L’éclosion spectaculaire d’Hugo Barrette

En décrochant la médaille de bronze au keirin dimanche soir au vélodrome de Milton, le cycliste sur piste Hugo Barrette a réalisé un exploit qui n’avait encore jamais été accompli par un Canadien.

Barrette est devenu le premier cycliste sur piste canadien à décrocher trois médailles au cours des mêmes Jeux panaméricains, et le premier à obtenir l’or depuis les victoires de l’Ontarien Gordon Singleton aux épreuves de vitesse et du kilomètre aux Jeux de San Juan, à Porto Rico, en 1979.

«Le fait que Gordon était sur place et qu’il m’a donné des conseils au fil de la journée a rendu le moment encore plus spécial, a déclaré Barrette. Il est venu me féliciter après ma conquête de la médaille d’or en sprint, et il m’a dit de savourer ce moment et de toujours regarder en avant. C’est le fruit de beaucoup d’efforts.»

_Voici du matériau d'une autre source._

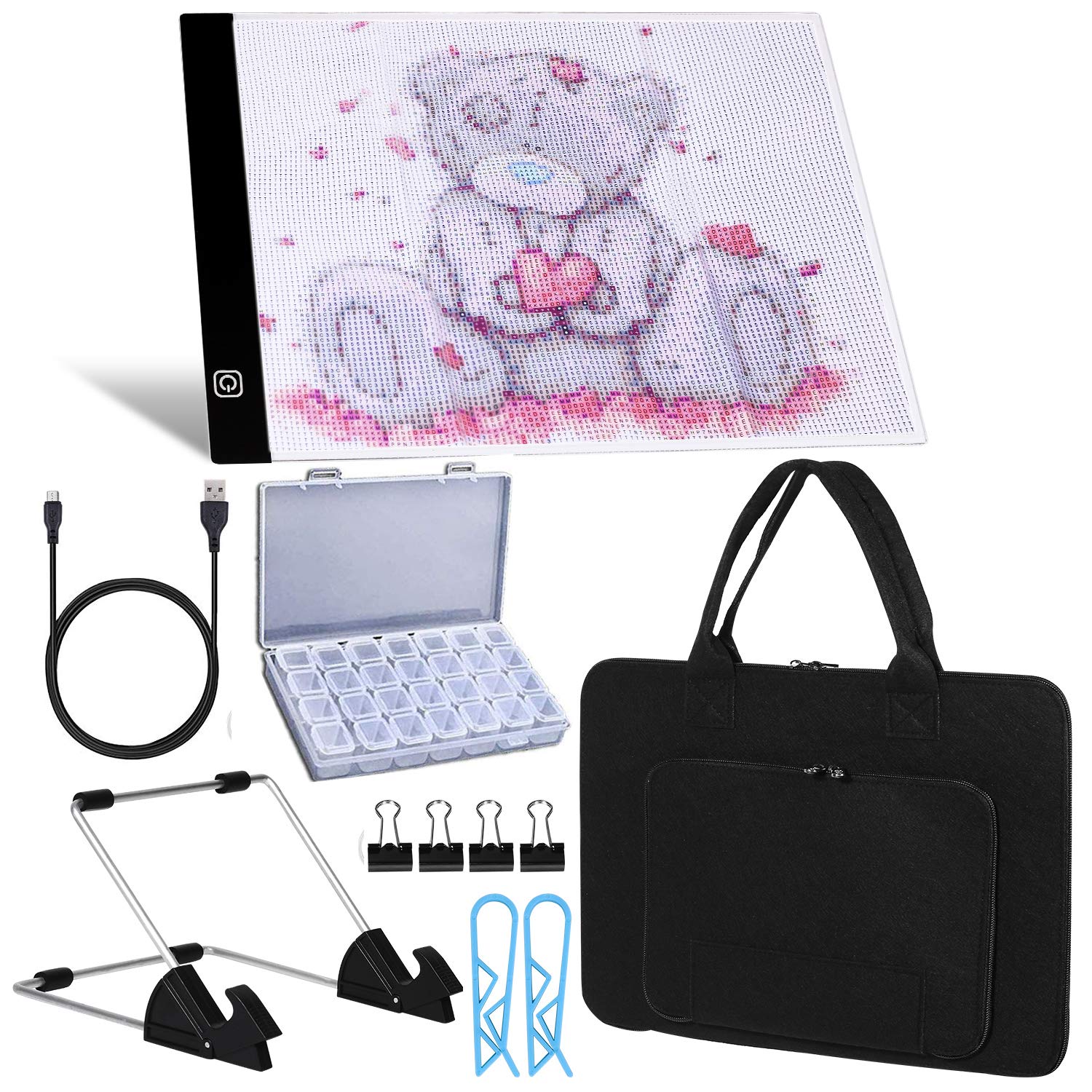 Photo 1 of A4 LED Light Pad for Diamond Paint Kits, Super Bright USB Powered Light Board Kit with Detachable Stand, and Black Pad Clip (Pad and Bag)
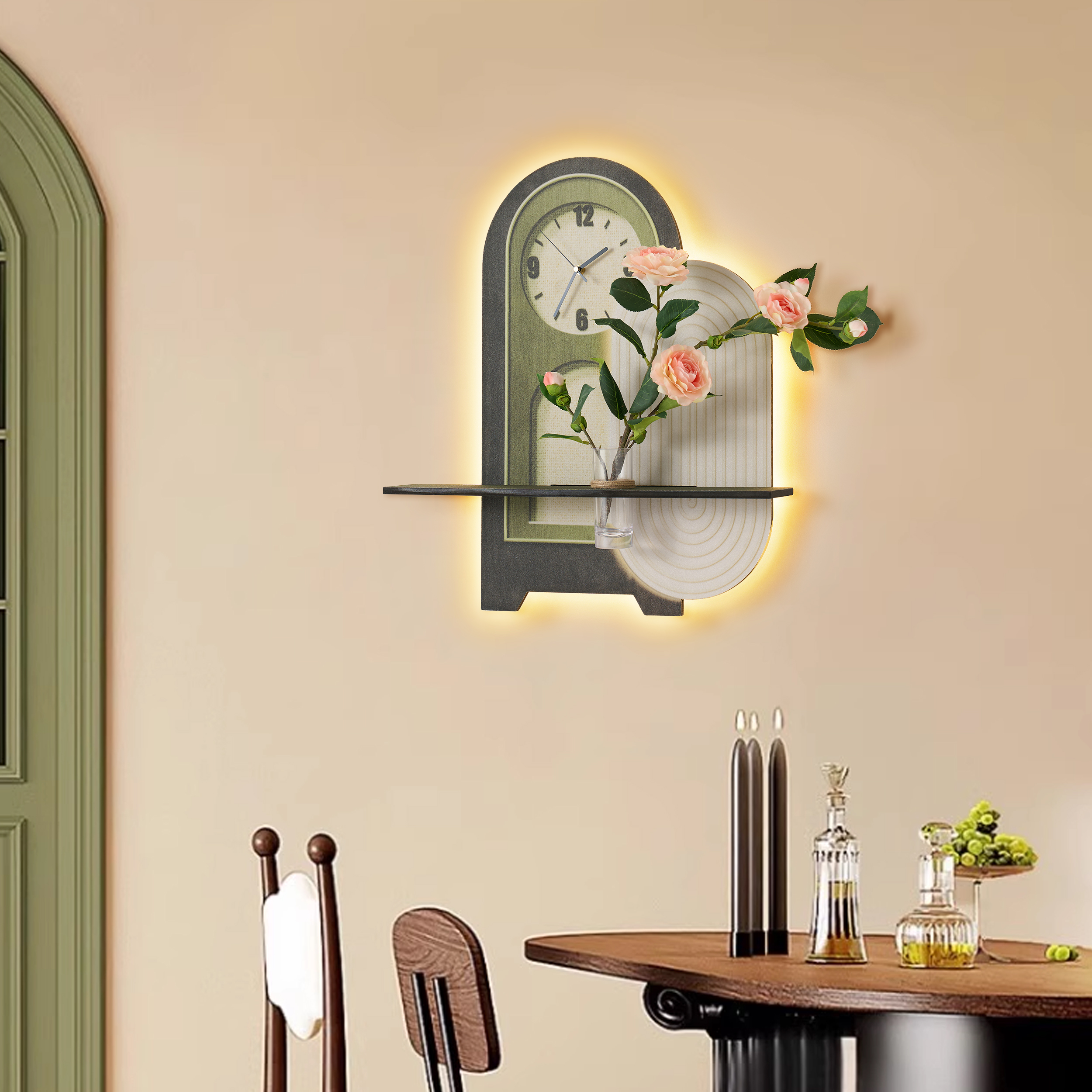 23.6'' Decorative LED Wall Clock in Deep Green and White with Glass Vase and Artificial Flowers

Barrette a triomphé aux sprints individuel et par équipes — en compagnie d’Evan Carey et de Joseph Veloce —, en plus d’obtenir le bronze au keirin. Aucune médaille ne le réjouit toutefois autant que celle qu’il a acquise au sprint individuel, la discipline reine du cyclisme sur piste.

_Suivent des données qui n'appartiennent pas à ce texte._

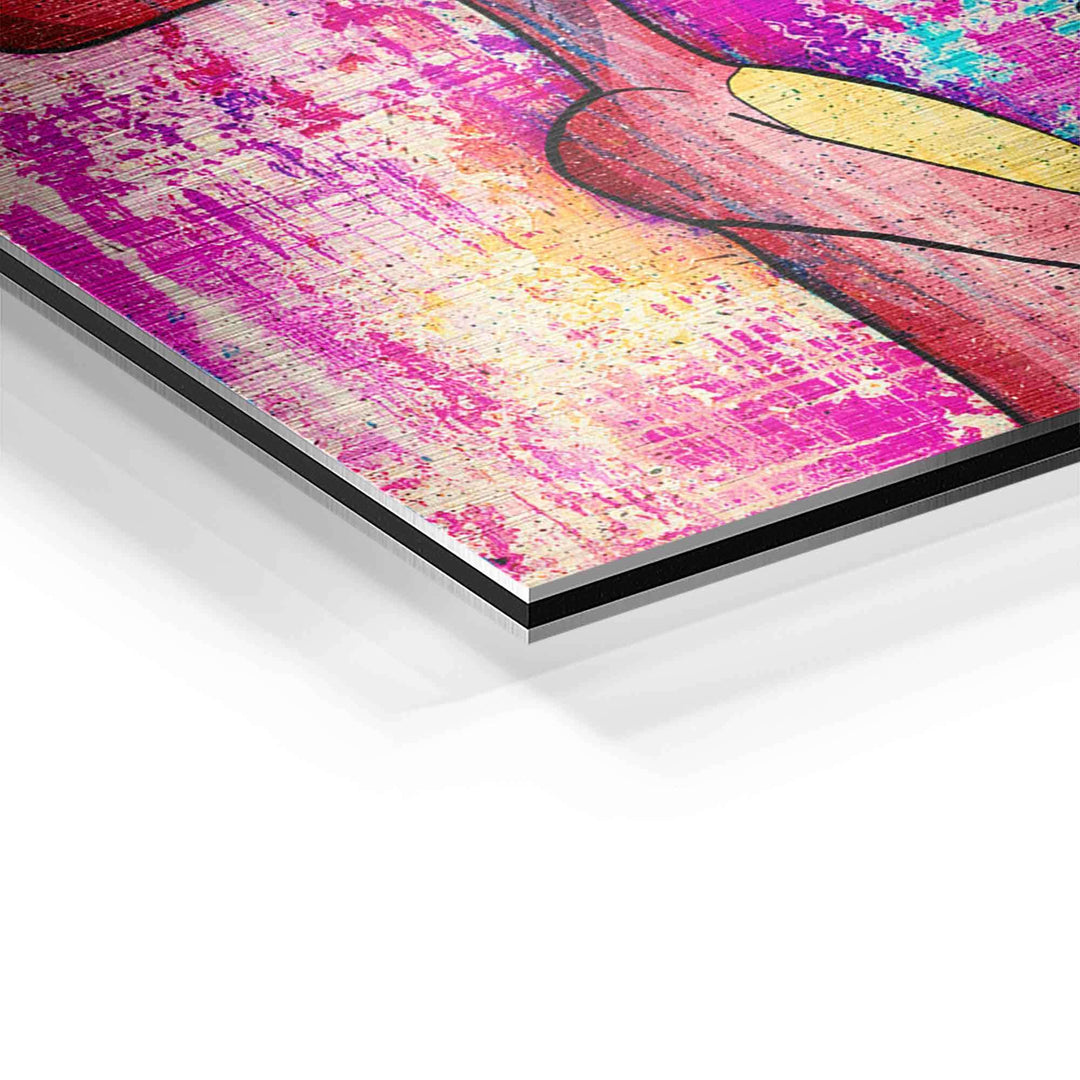 Detailaufnahme eines modernen Pop Art Wandbilds mit pinkfarbenem Panther-Motiv auf Aluminium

«Le keirin, c’est un peu moins prévisible [que le sprint], dit-il. Par contre, au sprint, c’est comme un match de boxe, il faut être combatif et très rapide. Je suis content d’avoir fait une percée à ce niveau-là.»

«Il a fallu que je gagne mes deuxième, troisième et quatrième courses contre des coureurs qui sont tous dans le top 10 mondial, a-t-il poursuivi. Avoir été en mesure d’aligner les victoires, aller chercher l’or à la maison contre eux malgré la pression, je n’en reviens toujours pas. Je me sentais vraiment comme le roi de la piste!»

Selon le Québécois, le déclic s’est produit pour lui il y a seulement quatre mois, lorsqu’il a déménagé de Los Angeles, où il était plutôt laissé à lui-même, à Hamilton, où se trouve le complexe qui deviendra sous peu le centre national d’entraînement de cyclisme sur piste. Entouré d’entraîneurs et d’un personnel qualifié, son éclosion sur la scène internationale n’était qu’une question de temps selon lui.

«J’ai passé quatre ans à Los Angeles, a-t-il mentionné. Finalement, avec le nouveau vélodrome de Hamilton, Cyclisme Canada, Sport Canada et À nous le podium ont concentré leurs efforts sur le cyclisme sur piste et bon, on voit aujourd’hui l’éclosion. Au sprint, ç’a porté fruit, on va chercher toutes les médailles ou presque. Quand on regarde l’amélioration en seulement quatre mois, je considère que c’est très encourageant pour le futur.»

Les yeux sur Rio

 

Le Madelinot âgé de 24 ans espère devenir le marchand de vitesse que l’équipe canadienne de cyclisme sur piste cherche tant depuis Singleton et Curt Harnett, le chef de mission aux Jeux de Toronto et double médaillé aux Jeux panaméricains d’Indianapolis en 1987.

En 2012, l’athlète de Cap-aux-Meules avait manqué de peu sa qualification pour les Jeux olympiques de Londres, mais il a indiqué que depuis ce jour, il s’était servi de cette déception comme source de motivation pour Rio 2016.

«À l’époque, j’étais le petit nouveau avec l’équipe canadienne, s’est-il souvenu. Je n’avais pas beaucoup d’expérience, mais j’étais déjà à ce moment-là l’un des cyclistes les plus rapides. L’échec de Londres 2012 n’a pas été un moment crève-coeur, parce que ça m’a motivé. Je pense que le fait de devoir regarder les Jeux olympiques à la télé en 2012 m’a motivé à m’entraîner encore plus fort. Jusqu’à aujourd’hui, je me réveille chaque jour en pensant seulement à Rio.»

Barrette se trouve présentement en très bonne posture pour obtenir sa qualification pour les JO. D’ici l’an prochain, il devra participer aux Championnats du monde, à trois Coupes du monde et aux Championnats panaméricains, mais il ne s’en fait pas trop, surtout qu’il a maintenant trois bonnes raisons supplémentaires d’arriver là-bas gonflé à bloc.